Grief counselors helping community cope with abduction and death of Jessica Ridgeway
5:33 PM, Oct 13, 2012
10:06 AM, Oct 14, 2012
WESTMINSTER, Colo. -
Grief counselors were on hand Thursday through Saturday for anyone in the community to talk to them about the death of 10 year old Jessica Ridgeway.
Counselors offered by Jefferson Center for Mental Health said a steady stream of people have stopped by since they opened. Director of Access and Emergency Services Tom Olbrich said it’s natural for people to feel a gamut of emotions.
"Everyone is going to react differently at different times and it's going to be an emotional rollercoaster," said Olbrich. "Whatever people are feeling, whether fear, sadness, worrying, anger, it's OK."
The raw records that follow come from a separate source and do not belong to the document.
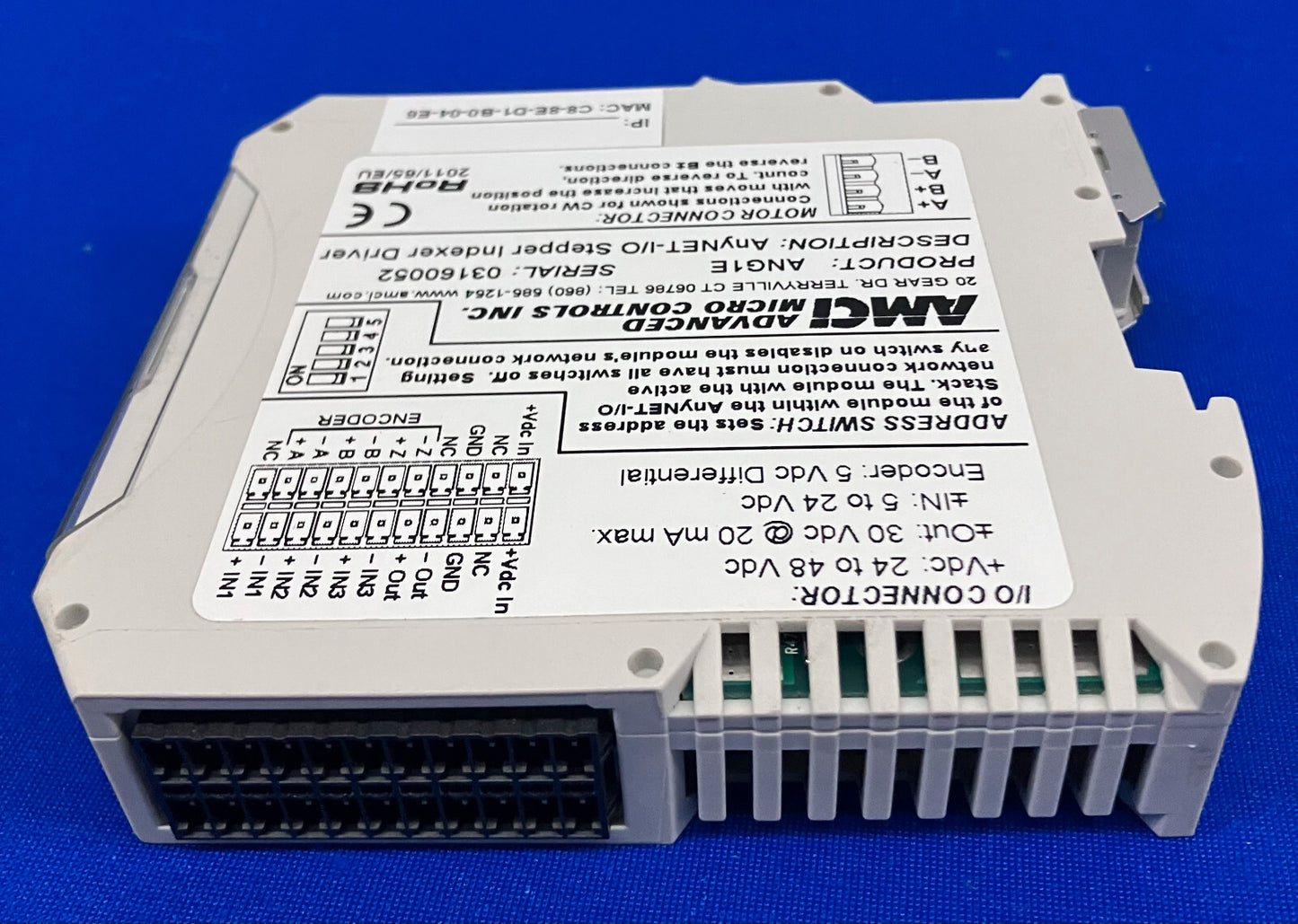 ADVANCED MICRO CONTROLS INC (AMCI) ANG1E ANYNET I/O コネクタ: 24-48 VDC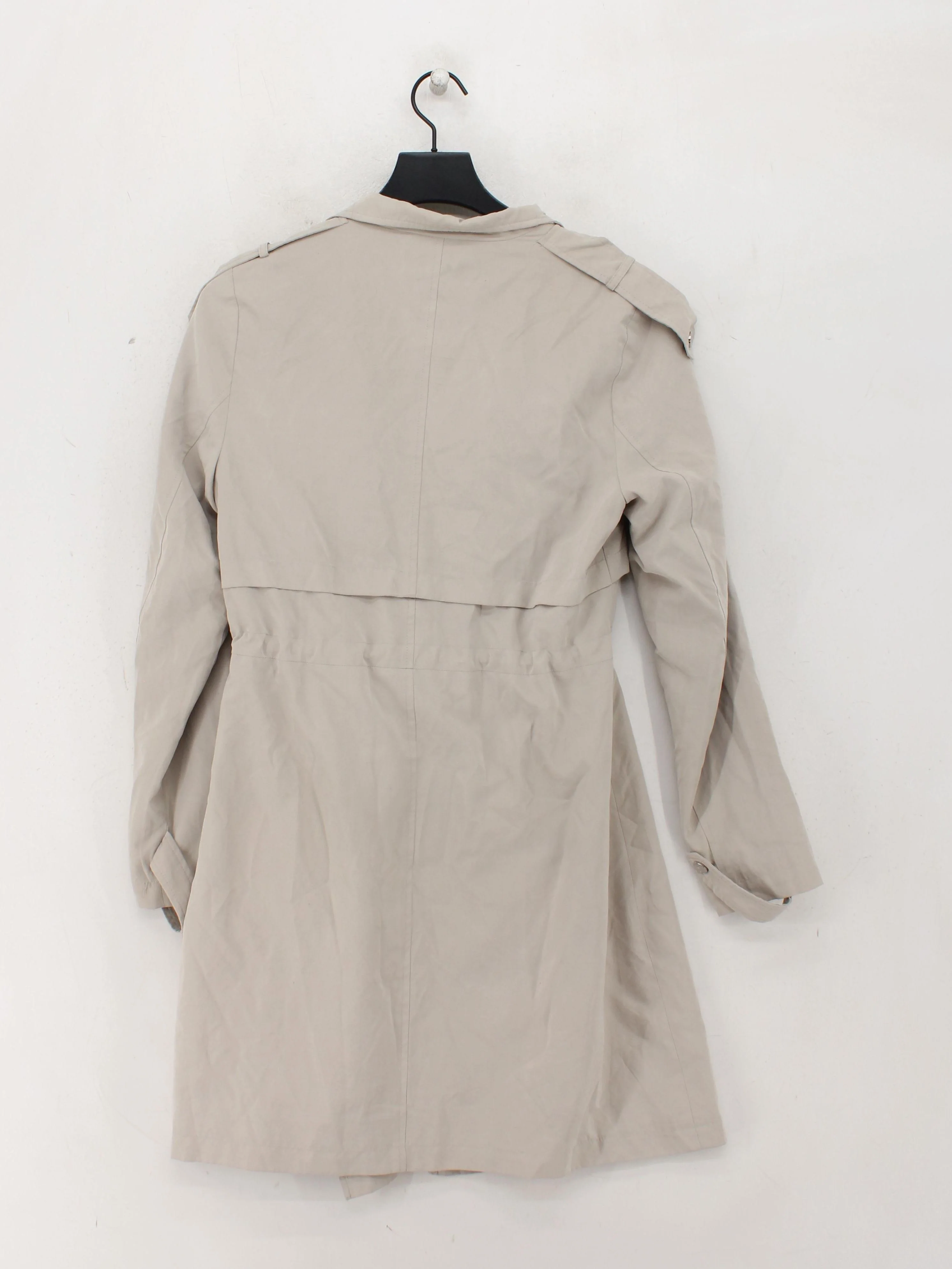 French Connection Women's Coat S Cream Polyester with Nylon Trench Coat - Image 2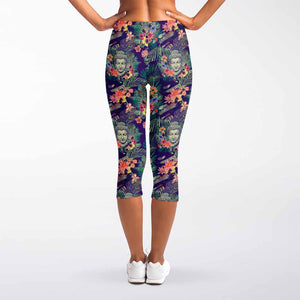 Tropical Buddha Print Women's Capri Leggings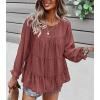 imagePRETTYGARDEN Womens Summer Loose Chiffon Blouse Mesh Long Sleeve Casual Round Neck Peplum Tops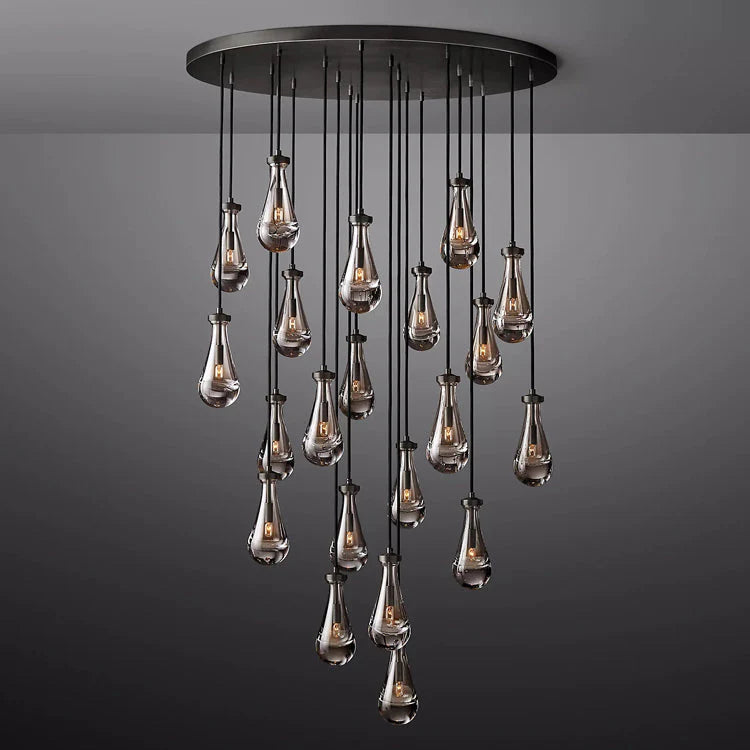 Raindrop Glass Round Chandelier 47"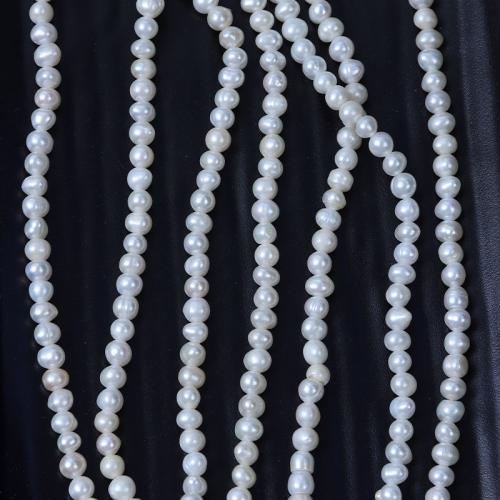 Potato Cultured Freshwater Pearl Beads, DIY, white, 4mm Approx 35 cm 
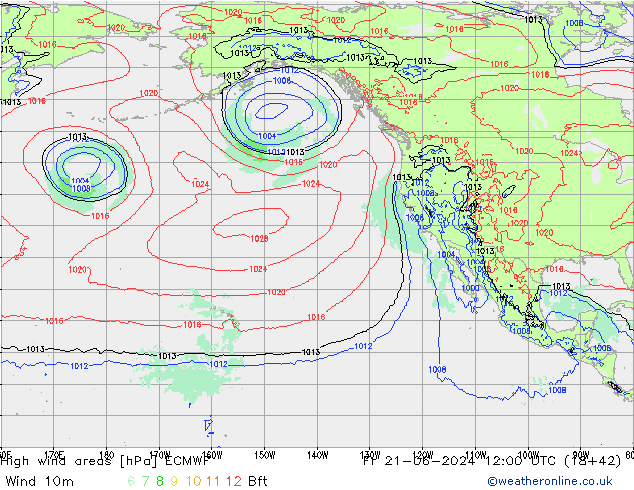 High wind areas ECMWF Fr 21.06.2024 12 UTC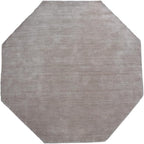 Hand Knotted Loom Wool ECO-Friendly Area Rugs - 10'x10', Octagon, Beige Color, Solid Plain Design, High Pile Handmade Anti Skid Area Rugs for Living Room, Bed Room (L00111)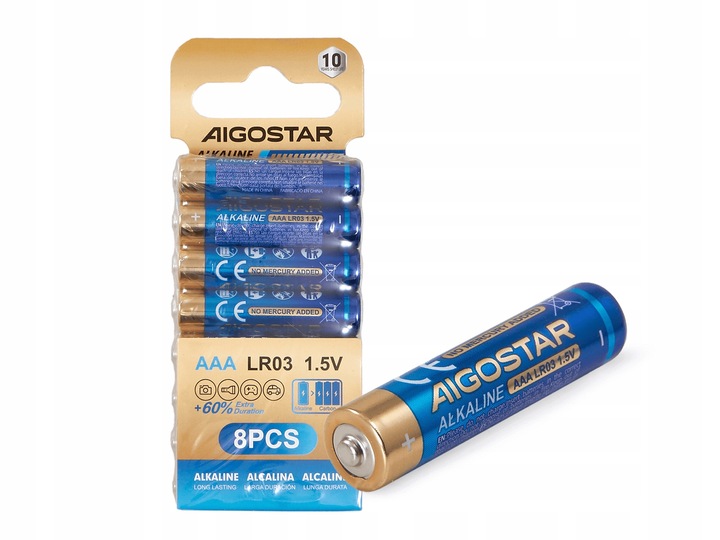 Bateria alkaliczna LR03 Aaa mały paluszek Aigostar Alkalicz Blister 8szt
As Westminster police and the FBI continue to ask the community to be vigilant, Olbrich said many people are feeling a sense of fear.
"I think one of the hardest things is that it leaves us all feeling kind of helpless. Fear can immobilize people, so I think it's important for people to empower themselves and take steps to ensure their own safety," Olbrich said.
He said parents need to talk to their children about what happened but don’t go into detail. He said reassurance of their safety is key.
"I think something as simple as a bad person hurt Jessica and we're all very sad, but we're safe and we're going to protect you so you don’t have to be scared," Olbrich said.